Three-Card Monte

 

Everybody knows what three-card monte is, so I am not going to explain it. There probably isn't a large city in the world (except perhaps Pyongyang) where there hasn't been a three-card monte mob. Typically when the mob senses that there may be cops approaching, they just split and often leave their cards behind. I've witnessed this a few times, but one day it occurred to me that I ought to pick up their cards and add them to my collection of crooked gambling. Of course, I can easily make a set of cards my self, but there's nothing like owning an authentic set of cards that had actually been used in a swindle.

 

Three-Card Monte

 

These cards were used by a three-card monte mob in New York City, in the summer of 2007. This is perhaps a bit surprising because things had really changed in New York after 9-11 and three-card monte mobs have become very rare. I remember in the 1990s, though, how it was almost impossible to walk down Broadway on a summer day and not encounter at least one mob - often there would be a few in a row, actually, all part of the same mob, of course. Then these mobs became rare and eventually all but disappeared. But every so often I still encounter these mobs in the streets of Manhattan. In the summer of 2007 I saw a mob working the streets and as I walked up to them they just happened to split (not because of me, of course) leaving a couple of suckers confused.
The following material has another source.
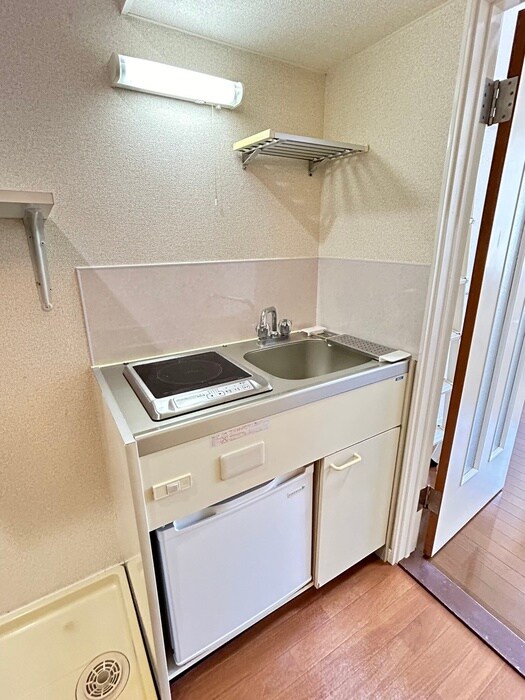 物件内観写真12　(キッチン)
The makeshift cardboard box table was just left there along with this set of cards. That was my lucky day because I got to add an authentic set of three-card monte cards to my gambling collection.

You may have noticed that these cards do not have a visible crease for the bent corner trick. This is not unusual, in fact many hustlers are able to do the bent corner trick without actually making a visible crease in the cards. It is enough to just soften-up the paper by bending the cards back and forth over the same spot many times (but without actually producing a visible crease). The up-side-down card is also a king of clubs. I wasn't there when the guy was tossing the cards, but I am assuming that part of his "spiel" was a phrase along the lines of, "Lucky Seven, Lucky Seven. Watch the Lucky Seven. Lucky Seven win. Black King take it away. Put your money on the Lucky Seven." There may have also been a rhyme about the seven of diamonds and how diamonds are the girl's best friends. The fact that both black kings are of the same suit would tend to suggest that the hustler was using the switch when he actually shows the same king twice, right before the last toss, while apparently showing two separate (but identical) kings of clubs.